If the only goal is to suppress the nugget effect, as the poster in your
first link mentions, try replacing a "Nug" variogram model with an "Err"
variogram model.

  
    
#
Thanks Edzer. Good to hear that I seem to be looking at the correct part 
of the code. And, I agree that the implementation must be simple and the 
code changes clear.  The best approach I can see for this is to add an 
option to the 'set' input for krige() that specifies the variogram 
number that is to be used for the calculation of the right hand C0.

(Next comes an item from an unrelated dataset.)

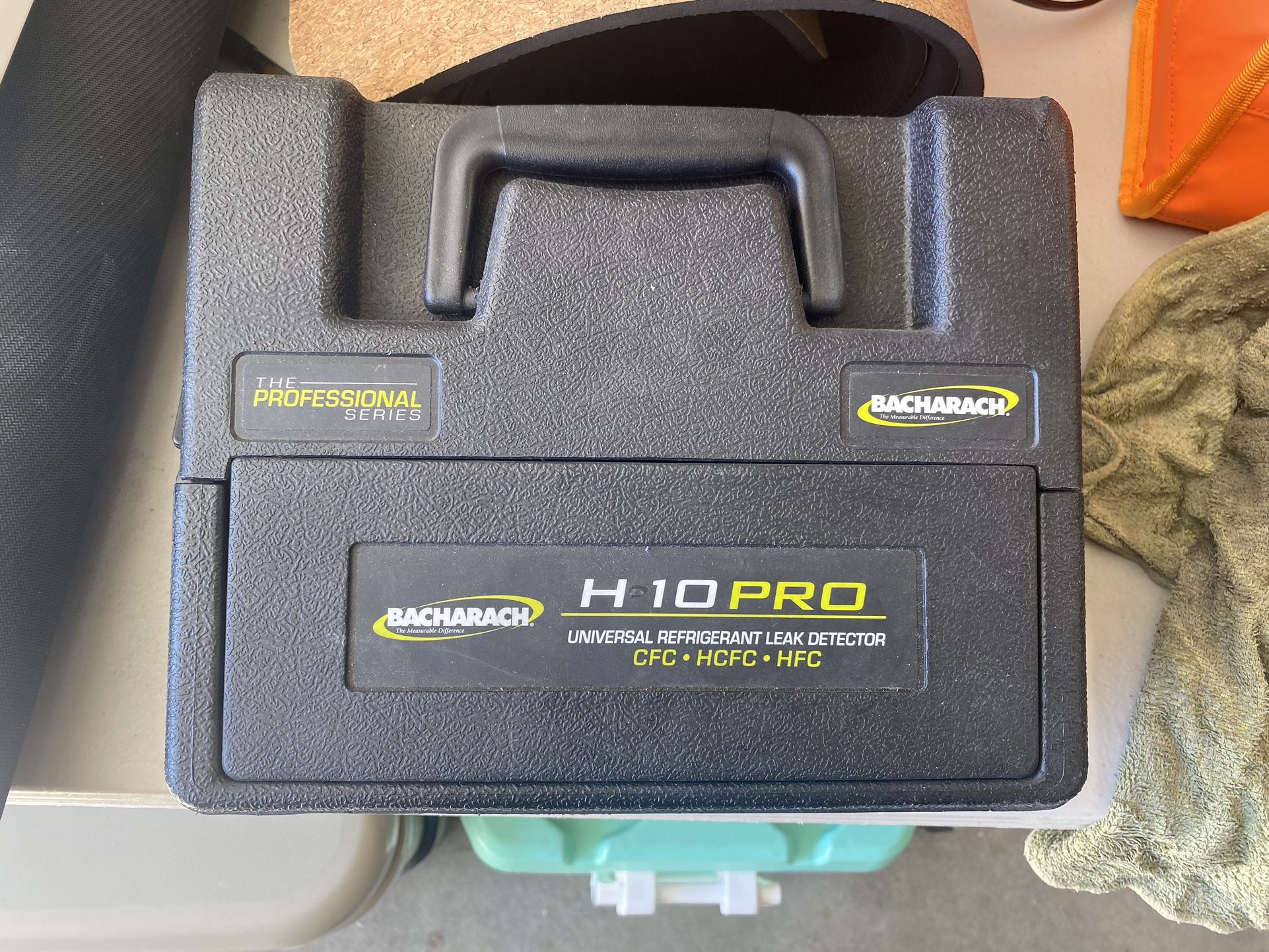 Bacharach H10 Pro Leak Detector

On 27/08/15 16:38, Edzer Pebesma wrote:
Also, I need factorial kriging for estimating only the large scale 
effect (ie the longer range variogram for the primary variable from a 
set of >=2 variograms). This is for the eventual use to undertake 
indicator simulations for a highly non-stationary  (first order) system, 
specifically basin scale water table elevation.